A exortação dorida e firme, feita a seu tempo pelo meu Predecessor, com vista ao Ano Santo de 1975, continua válida ainda no momento actual. Para se obter a superação dos conflitos e fazer com que as normais tensões não resultem nocivas para a unidade da Igreja, é preciso que todos nos confrontemos com a Palavra de Deus e, postas de parte as próprias maneiras de ver subjectivas, procuremos a verdade onde ela se encontra, ou seja, na mesma Palavra divina e na interpretação autêntica que dela nos dá o Magistério da Igreja. Sob esta luz, a escuta recíproca, o respeito e a abstenção de todo o juízo apressado, a paciência, a capacidade de evitar que a fé, que une, seja subordinada as opiniões, as modas e as opções ideológicas, que dividem, são outras tantas qualidades de um diálogo que, no interior da Igreja, deve ser assíduo, cheio de boa vontade e sincero. E é claro que não o seria, nem se tornaria num factor de reconciliação, sem a atenção ao Magistério e a aceitação do mesmo.
Aplicada deste modo, efectivamente, na busca da sua própria comunhão interna, a Igreja católica pode dirigir o apelo à reconciliação - como de há tempos já vem fazendo - as outras Igrejas com as quais não se verifica plena comunhão, bem como as outras religiões e até mesmo a quem simplesmente procura Deus com coração sincero.

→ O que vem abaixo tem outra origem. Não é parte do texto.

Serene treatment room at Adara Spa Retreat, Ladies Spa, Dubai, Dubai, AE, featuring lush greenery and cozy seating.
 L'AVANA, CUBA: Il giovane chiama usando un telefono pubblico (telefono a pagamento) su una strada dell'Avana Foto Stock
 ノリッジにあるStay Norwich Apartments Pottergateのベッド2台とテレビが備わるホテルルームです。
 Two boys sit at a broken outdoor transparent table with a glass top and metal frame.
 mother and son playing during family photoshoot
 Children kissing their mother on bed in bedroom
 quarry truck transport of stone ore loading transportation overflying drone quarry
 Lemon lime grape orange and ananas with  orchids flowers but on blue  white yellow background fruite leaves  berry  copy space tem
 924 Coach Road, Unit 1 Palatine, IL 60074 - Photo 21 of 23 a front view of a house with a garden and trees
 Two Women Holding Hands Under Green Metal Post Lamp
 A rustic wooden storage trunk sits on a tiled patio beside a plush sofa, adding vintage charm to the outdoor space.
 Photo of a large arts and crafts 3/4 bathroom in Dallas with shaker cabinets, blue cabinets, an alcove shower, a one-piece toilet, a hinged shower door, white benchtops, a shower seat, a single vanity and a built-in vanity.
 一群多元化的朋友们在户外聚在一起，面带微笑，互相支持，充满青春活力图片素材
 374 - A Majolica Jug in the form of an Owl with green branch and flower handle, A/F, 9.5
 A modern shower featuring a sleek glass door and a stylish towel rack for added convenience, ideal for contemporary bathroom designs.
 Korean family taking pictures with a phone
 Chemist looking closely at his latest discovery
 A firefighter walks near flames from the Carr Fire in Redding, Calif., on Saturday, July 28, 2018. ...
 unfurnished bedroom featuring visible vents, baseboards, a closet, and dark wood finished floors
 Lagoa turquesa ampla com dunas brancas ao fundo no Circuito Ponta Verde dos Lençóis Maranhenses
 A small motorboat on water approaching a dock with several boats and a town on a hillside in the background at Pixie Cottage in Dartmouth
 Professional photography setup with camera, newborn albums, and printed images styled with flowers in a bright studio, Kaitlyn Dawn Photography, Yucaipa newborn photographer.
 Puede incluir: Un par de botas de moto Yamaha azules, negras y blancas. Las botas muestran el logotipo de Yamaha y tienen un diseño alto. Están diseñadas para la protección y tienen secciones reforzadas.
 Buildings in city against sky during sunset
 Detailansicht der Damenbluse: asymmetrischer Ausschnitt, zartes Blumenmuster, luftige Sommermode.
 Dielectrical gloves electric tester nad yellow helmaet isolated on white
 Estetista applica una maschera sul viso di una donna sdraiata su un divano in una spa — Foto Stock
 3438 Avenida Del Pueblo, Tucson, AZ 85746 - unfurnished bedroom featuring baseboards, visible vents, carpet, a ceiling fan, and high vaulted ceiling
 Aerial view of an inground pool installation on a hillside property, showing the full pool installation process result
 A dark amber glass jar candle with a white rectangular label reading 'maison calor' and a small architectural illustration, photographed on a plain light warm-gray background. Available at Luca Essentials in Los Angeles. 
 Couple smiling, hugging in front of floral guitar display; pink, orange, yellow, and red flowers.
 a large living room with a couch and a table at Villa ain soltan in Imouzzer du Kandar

À luz do Concílio e do Magistério dos meus Predecessores, cuja preciosa herança recebi e me esforço por conservar e pôr em actuação, posso afirmar que a Igreja católica, com todas as suas componentes, se empenha com lealdade no diálogo ecuménico, sem optimismos fáceis, mas também sem desalento e sem hesitações ou perdas de tempo. As regras fundamentais que ela procura seguir nesse diálogo são: por um lado, a persuasão de que somente um ecumenismo espiritual — ou seja, fundado na oração comum e na comum docilidade ao único Senhor — permitirá corresponder sincera e seriamente as outras exigências da acção ecuménica; e, por outro lado, a convicção de que um certo irenismo em matéria doutrinal e sobretudo dogmática, poderia talvez levar a um a forma de convivência superficial e não duradoura, mas nunca àquela comunhão profunda e estável que todos desejamos. Chegar-se-á a esta comunhão, no momento em que a divina Providência quiser; mas para se chegar lá, a Igreja católica, pelo que lhe diz respeito, sabe que deve estar aberta e sensível a todos «os valores verdadeiramente cristãos, que promanam do património comum e se encontram também entre os irmãos de nós separados»; mas sabe igualmente que deve colocar na base de um diálogo leal e construtivo a clareza na posição dos problemas, a fidelidade e a coerência com a fé transmitida e definida na esteira da tradição perene pelo seu Magistério. Apesar da ameaça dum aparente derrotismo e malgrado a inevitável lentidão que a inconsideração não poderá nunca corrigir, a Igreja católica continua a procurar com todos os outros Irmãos cristãos as vias da unidade, e com os seguidores das outras religiões um diálogo sincero. Que este diálogo inter-religioso possa fazer chegar pelo menos à superação das atitudes de hostilidade, de desconfiança, de mútua condenação e quiçá de mútuas invectivas. Nisto está uma condição preliminar para que possamos encontrar-nos pelo menos na fé num Deus único e na certeza da vida eterna para a alma imortal. Que o Senhor faça, em particular, com que o diálogo ecuménico leve a uma sincera reconciliação centralizada em tudo aquilo que já possamos ter em comum com as outras Igrejas cristãs: a fé em Jesus Cristo, Filho de Deus feito homem, Salvador e Senhor, a escuta da Palavra, o estudo da Revelação e o sacramento da Baptismo.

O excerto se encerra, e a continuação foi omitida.